Copy, word for word, the lines of the listing below from the line with "Affiche de London" up to and including the line with "Bản đồ đến địa chỉ Công Ty TNHH Gibi Academy". Drop the pictures.

#### Record extracts

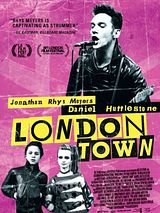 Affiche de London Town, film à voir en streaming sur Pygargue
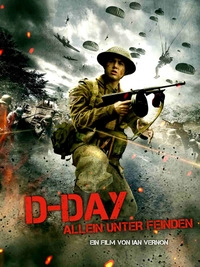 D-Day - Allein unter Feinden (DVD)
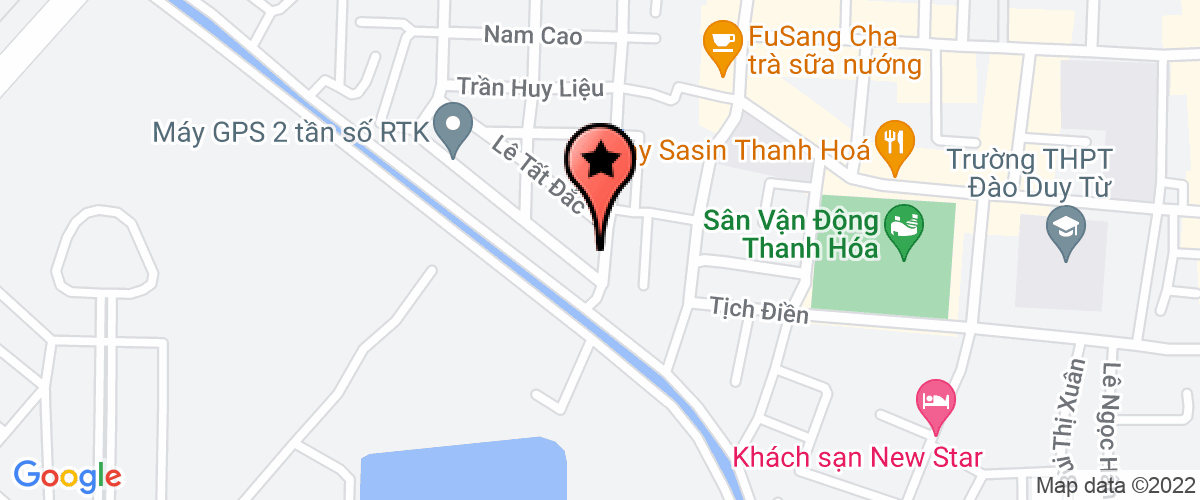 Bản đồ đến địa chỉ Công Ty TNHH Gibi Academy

########
#### Record extracts

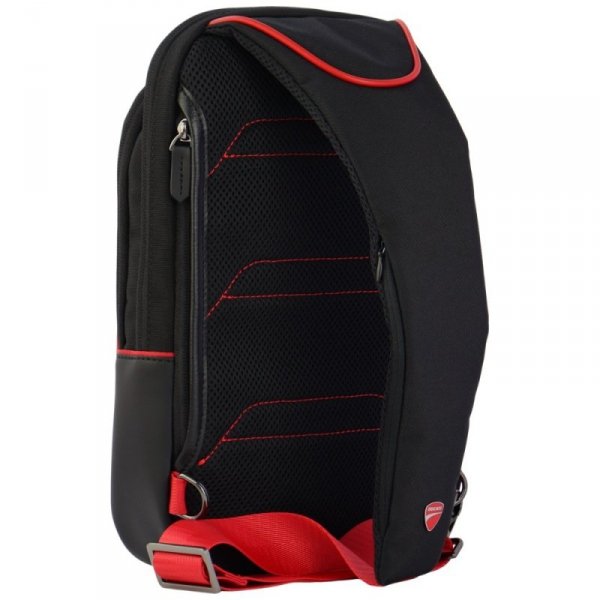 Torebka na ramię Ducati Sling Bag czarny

########

_Exercise result:_
 Affiche de London Town, film à voir en streaming sur Pygargue
 D-Day - Allein unter Feinden (DVD)
 Bản đồ đến địa chỉ Công Ty TNHH Gibi Academy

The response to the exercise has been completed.